TASK DETAILS: Repeat nothing but the line that contains "Cama bem arrumada" and the lines after it, through the end of the listing, exactly as they stand; omit pictures.

MATERIAL PROVIDED:

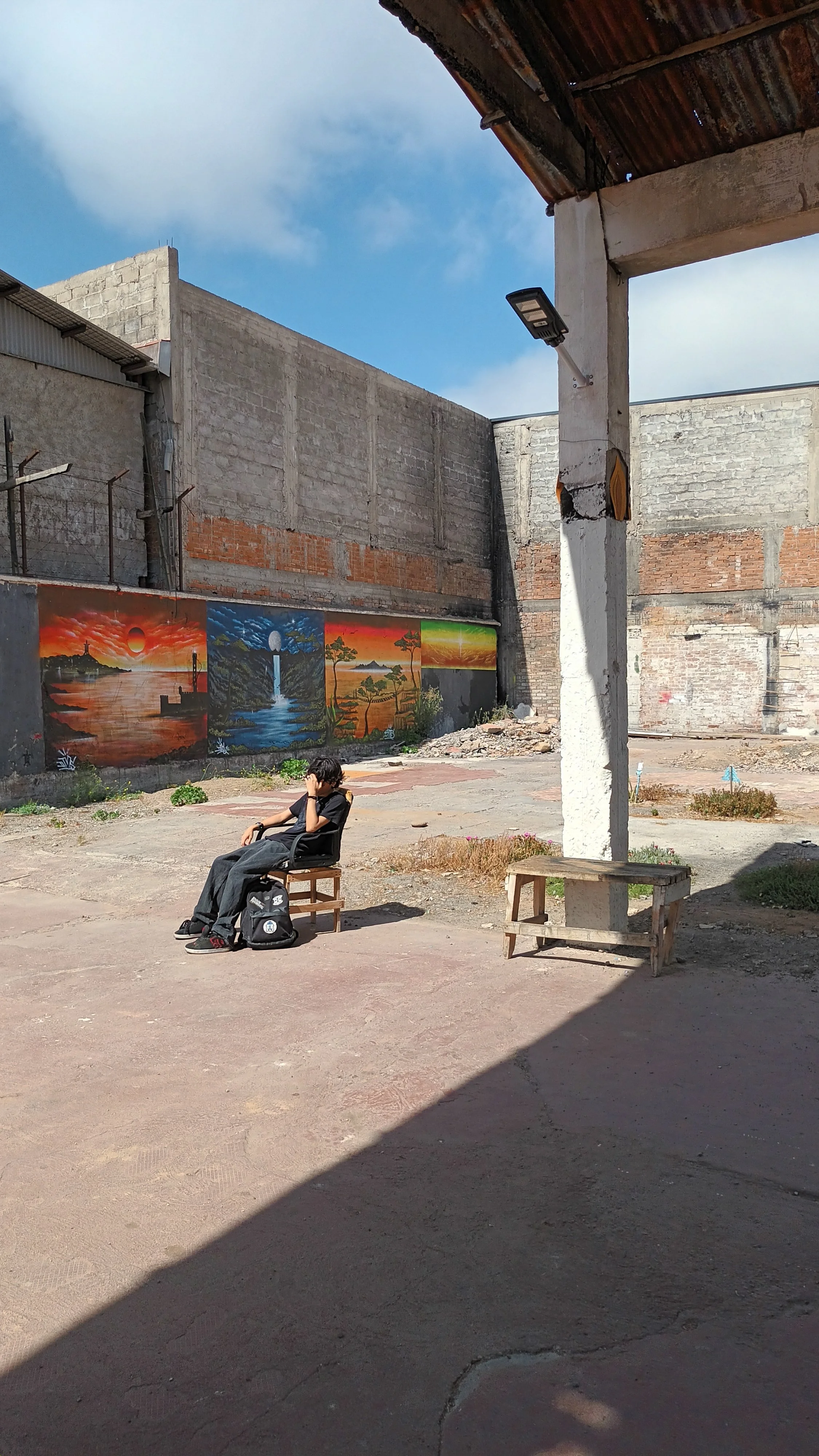 Un espacio abierto con un muro decorado con pinturas de paisajes, una persona sentada en una banca y un poste con un foco de luz, en un día soleado con cielo despejado
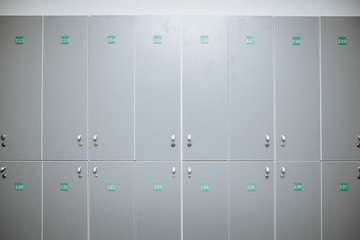Lockers in a locker room at school or in the gym.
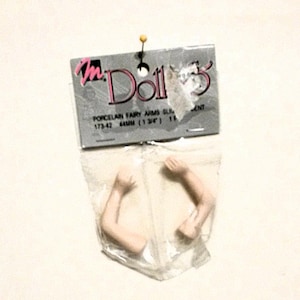 May include: A package of two porcelain fairy doll arms, 44mm (1 3/4") long, for doll making or repair. The package is labeled "m Dolls" and "Porcelain Fairy Arms Slim 173-42 44mm (1 3/4") 113".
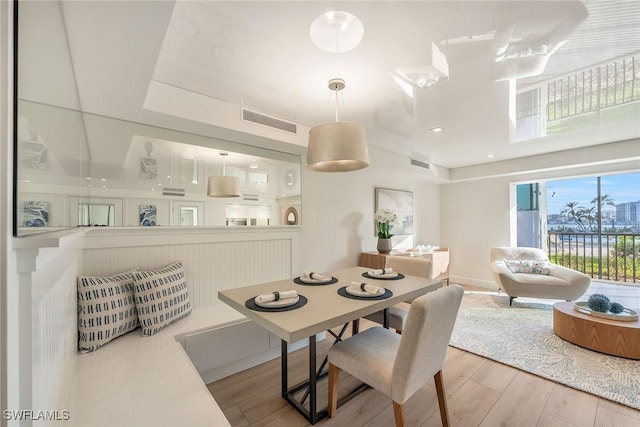 dining area with visible vents and wood finished floors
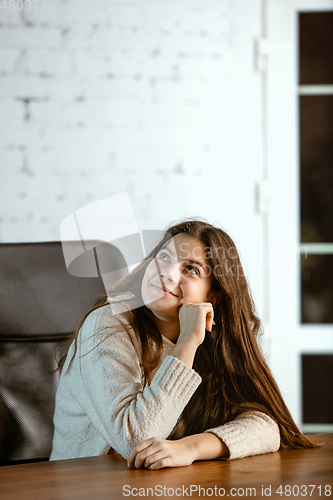 Image of Portrait of young caucasian girl in casual clothes looks dreamful and happy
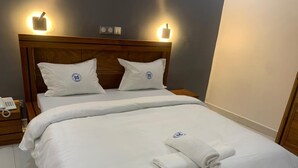 Cama bem arrumada com lençóis e almofadas brancos, cabeceira de madeira e abajures laterais.
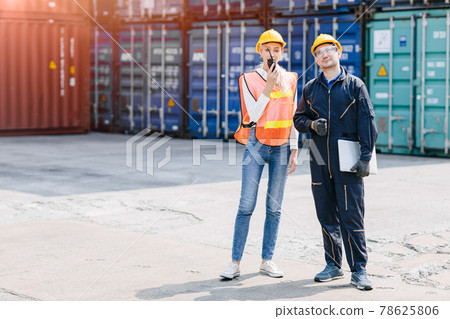 logistic worker man and woman working team with radio control loading containers at port cargo to trucks for export and import goods. logistic worker man and woman working team with radio control loading containers at port cargo to trucks for export and import goods. 78625806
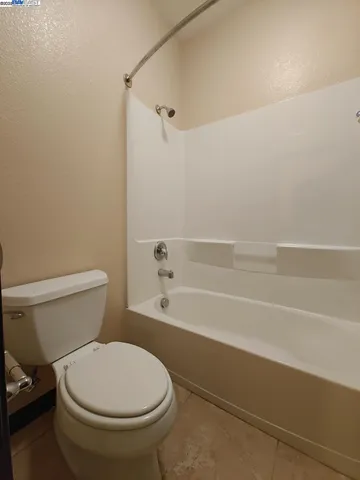 a bathroom with a toilet and a bath tub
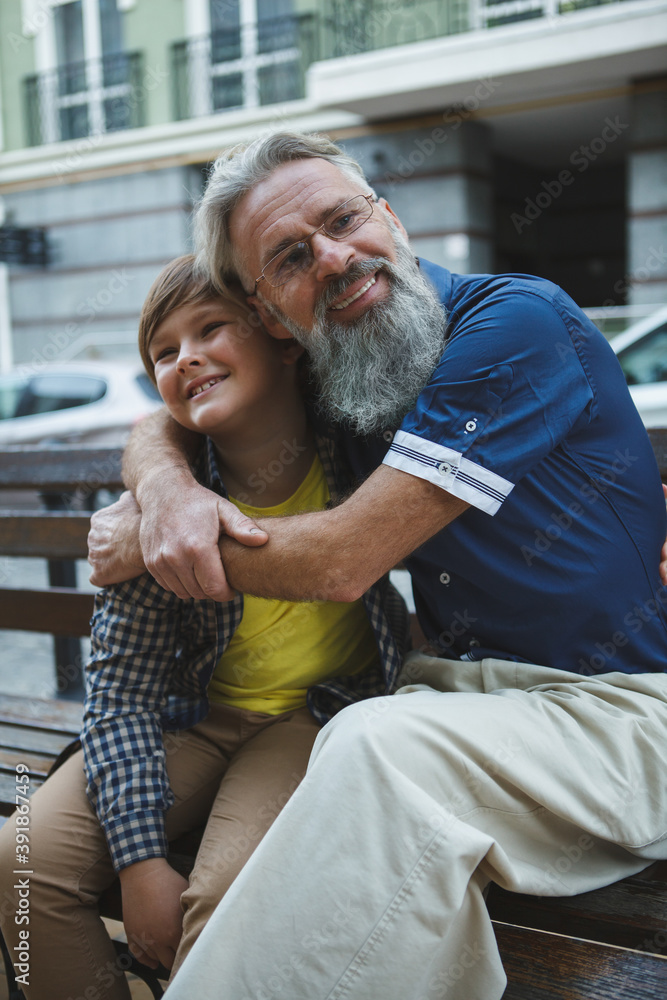 Fototapeta premium Vertical shot of a happy elderly man smiling to the camera, hugging his grandson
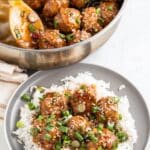 Asian meatballs on a bed of rice with a pan of meatballs in the background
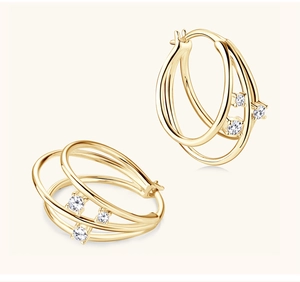 Macro detail of triple-layer gold interlocking hoop earrings with zircon stones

SOLUTION:
 Cama bem arrumada com lençóis e almofadas brancos, cabeceira de madeira e abajures laterais.
 logistic worker man and woman working team with radio control loading containers at port cargo to trucks for export and import goods. logistic worker man and woman working team with radio control loading containers at port cargo to trucks for export and import goods. 78625806
 a bathroom with a toilet and a bath tub
 Fototapeta premium Vertical shot of a happy elderly man smiling to the camera, hugging his grandson
 Asian meatballs on a bed of rice with a pan of meatballs in the background
 Macro detail of triple-layer gold interlocking hoop earrings with zircon stones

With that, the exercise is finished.